As we head into the new year, companies are examining ways of strengthening ties to their customer base. New and traditional methods are being closely studied and implemented. So, we looked at the innovative strategies of some of the most successful companies to see how they keep their customers coming back.
Start With Your CLV
Part of an effective customer retention strategy is identifying the best target audience. The old adage of “working smart not hard” should be applied. An effective metric to use for this purpose is Customer Lifetime Value or CLV, which is measuring the annual revenue from a customer minus the cost of their acquisition. This prevents over expenditures and allows for more targeted marketing efforts
“Customer lifetime value is something we put a tremendous emphasis on”, says James Beard of Box Genie. “A great deal of our successful customer retention model is based on maintaining and marketing to those who are most likely to provide return business. What is amazing is that only 42% of companies accurately measure this statistic, which is why we have incorporated several aspects into our computations.”
Though we want to keep all our customers, it is important to recognize the associated costs and the differences in various previous customer groups. By using helpful metrics such as CLV, businesses can gain a better understanding of how to maintain their customer base without significantly driving up expenses.
Evaluating the Customer Experience
Often thought of as the customer journey, companies that have high retention rates will consistently and frequently evaluate their full customer experience, making improvements where necessary. However, many businesses who do this will often miss significant items in their customer journey.
A common mistake when evaluating the customer experience is limiting internal reviews to the service aspect. In reality, that is just one part of a much larger picture.

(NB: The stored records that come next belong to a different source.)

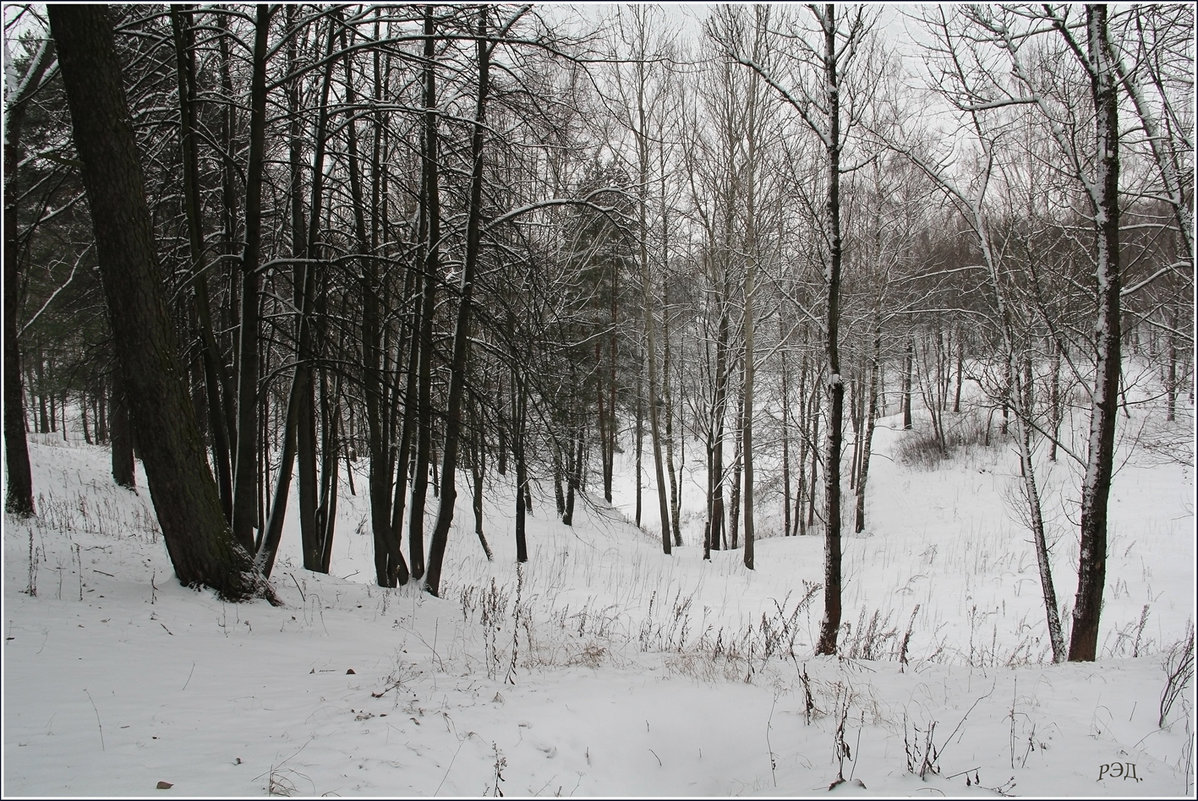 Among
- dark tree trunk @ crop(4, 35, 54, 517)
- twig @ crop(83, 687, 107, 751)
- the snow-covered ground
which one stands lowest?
the snow-covered ground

Performing a thorough examination by making a list of every part of the customer journey, from first impression, to service, to product quality, to checkout, and follow up, is essential to understanding the full experience.
However, few methods are as effective as simple conversation. As author and marketing consultant, Roy H WIlliams stated, “The first step in exceeding your customer’s expectations is to know those expectations.”
Tommy Chang of Homelister also knows the importance of understanding customer desires, “Listening to our customers, hearing what works and doesn’t work, what we can improve, and adjusting our product strategies accordingly is the basis of everything. Our goal is to ensure our clients not only have an exceptional experience but know we’ll go above and beyond to make sure their transaction is as seamless and smooth as possible.”
Taking a full inventory, and even having blind test runs, is a great way to do a full evaluation of your customer journey. Once completed, the data you collect can be analyzed to see what you are doing well, and where your business may be falling short.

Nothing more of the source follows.